Segment Start: Data for this task
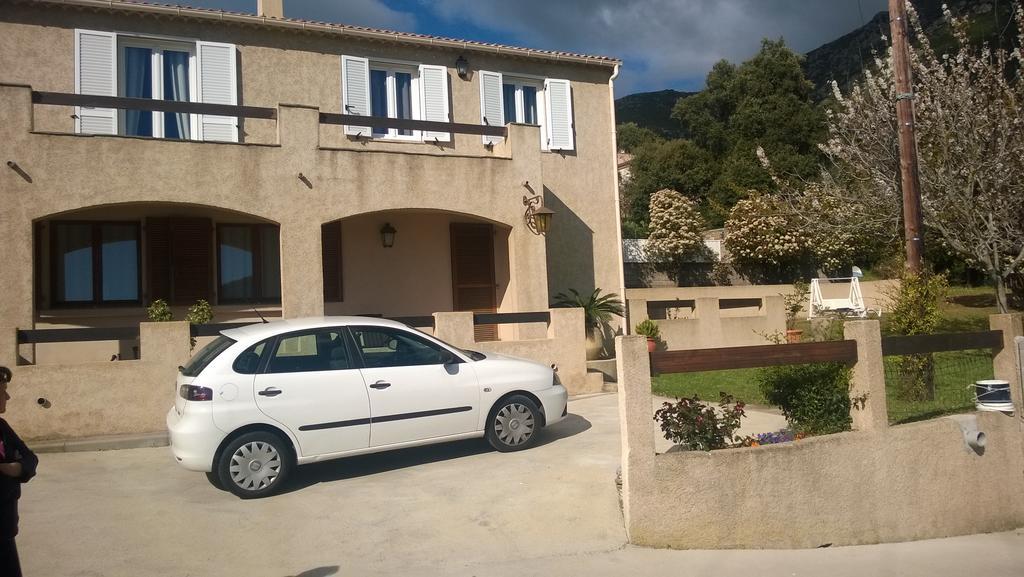 Bas De Villa Chez Mr.Girolami Dominique Coventry Exterior foto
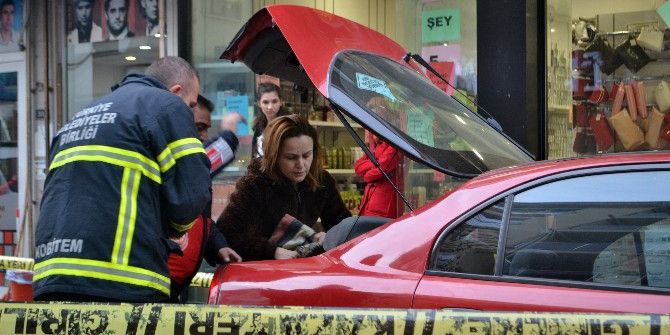 Park Halindeki Otomobilden Sızan Gaz Paniğe Yol Açtı
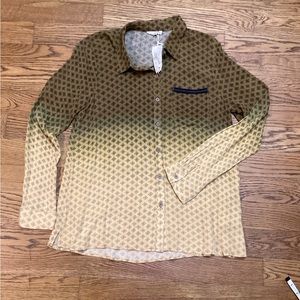 Mystree gold hombre button up blouse. New. Size Large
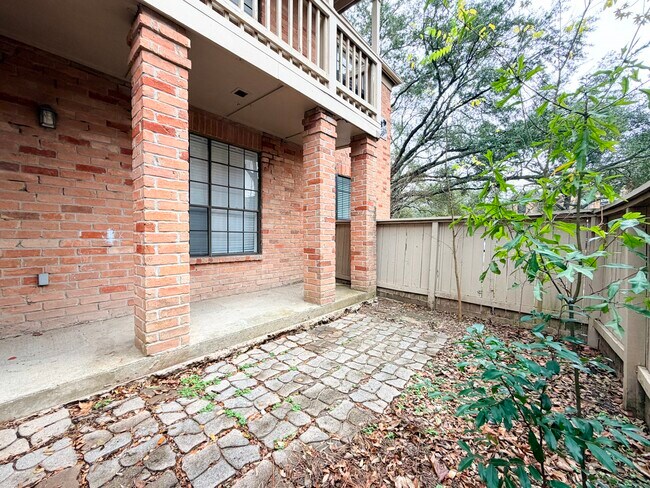 Building Photo - 2255 Braeswood Park Dr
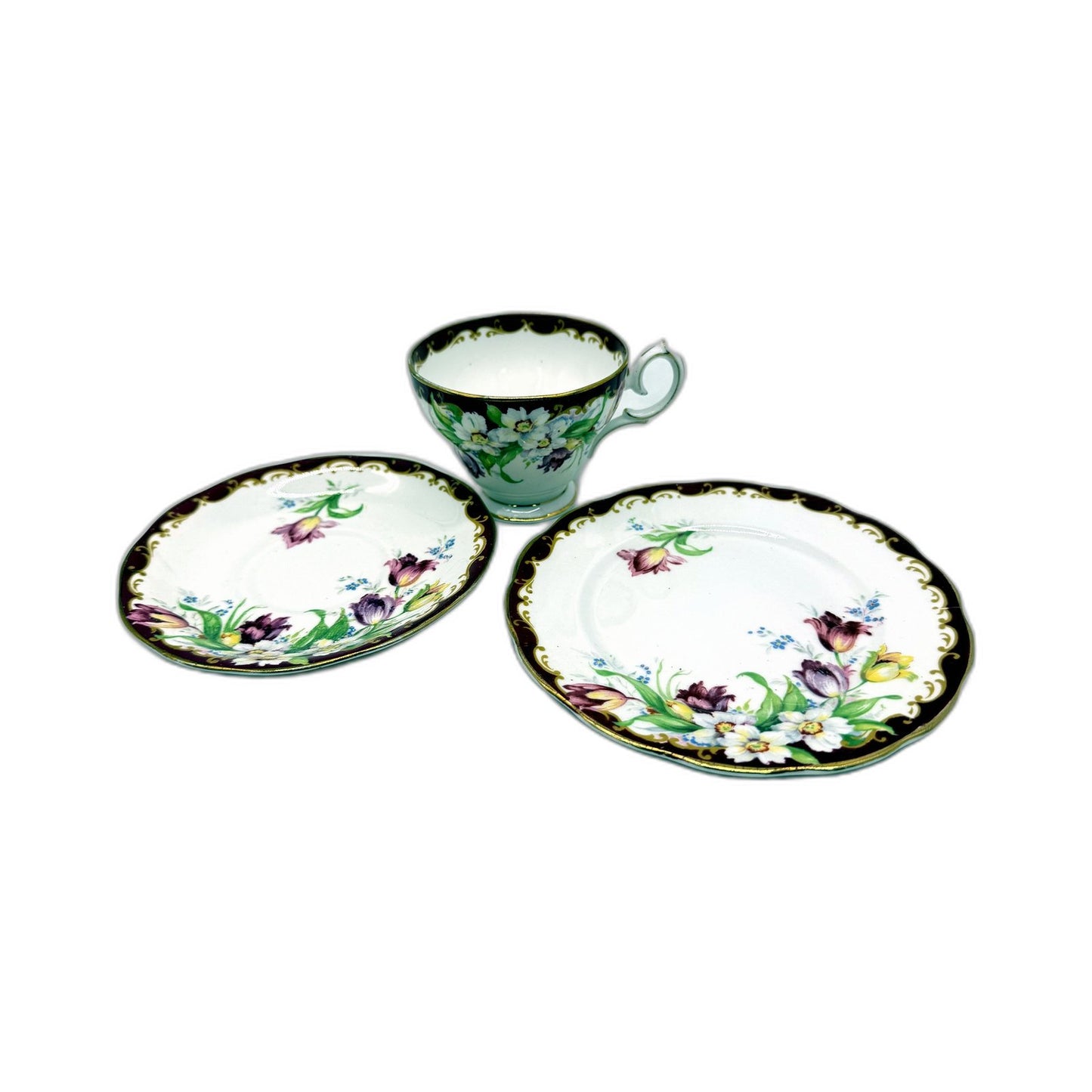VINTAGE 3Pce Bell Fine Bone China Teacup and Saucer Set Floral Pattern Gold Trim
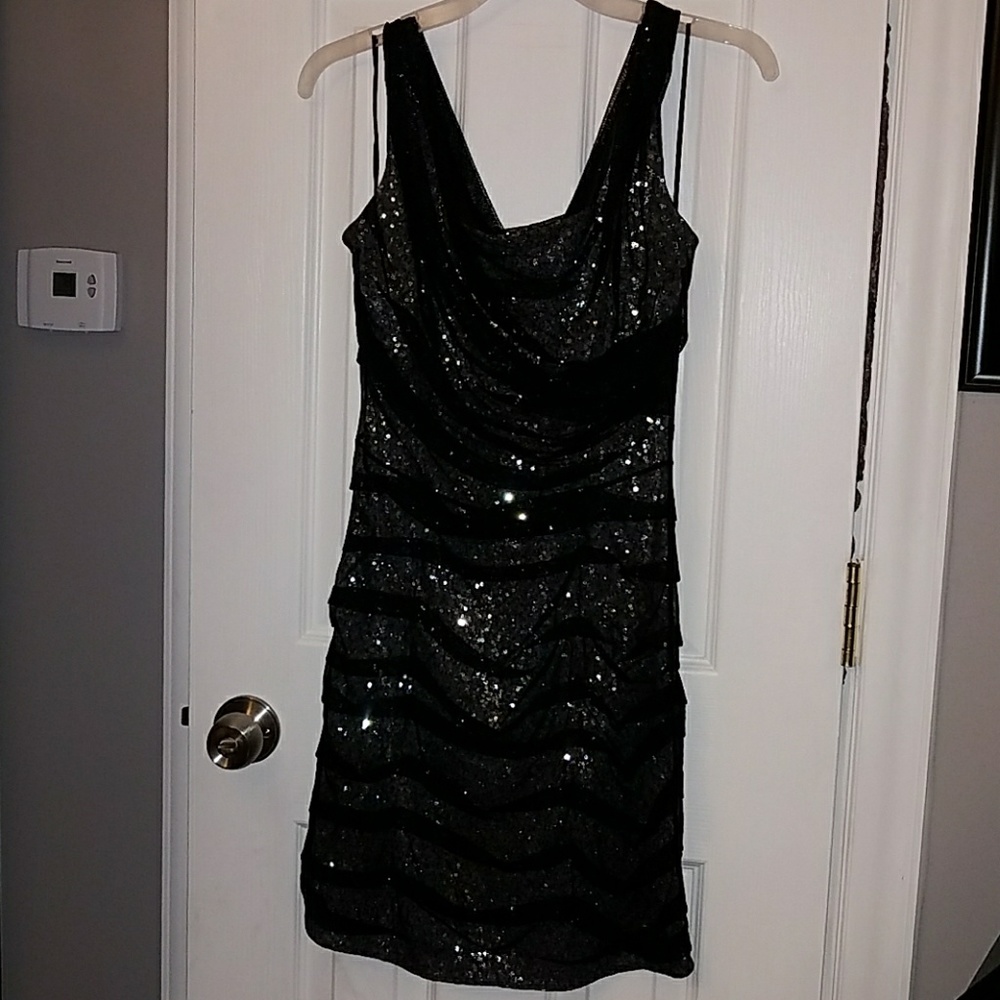Express party dress size 6 black silver sequence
Segment End: Data for this task
Problem statement ▸ Could the entries above be returned verbatim, with no pictures included?

Task response ▸
 Bas De Villa Chez Mr.Girolami Dominique Coventry Exterior foto
 Park Halindeki Otomobilden Sızan Gaz Paniğe Yol Açtı
 Mystree gold hombre button up blouse. New. Size Large
 Building Photo - 2255 Braeswood Park Dr
VINTAGE 3Pce Bell Fine Bone China Teacup and Saucer Set Floral Pattern Gold Trim
Express party dress size 6 black silver sequence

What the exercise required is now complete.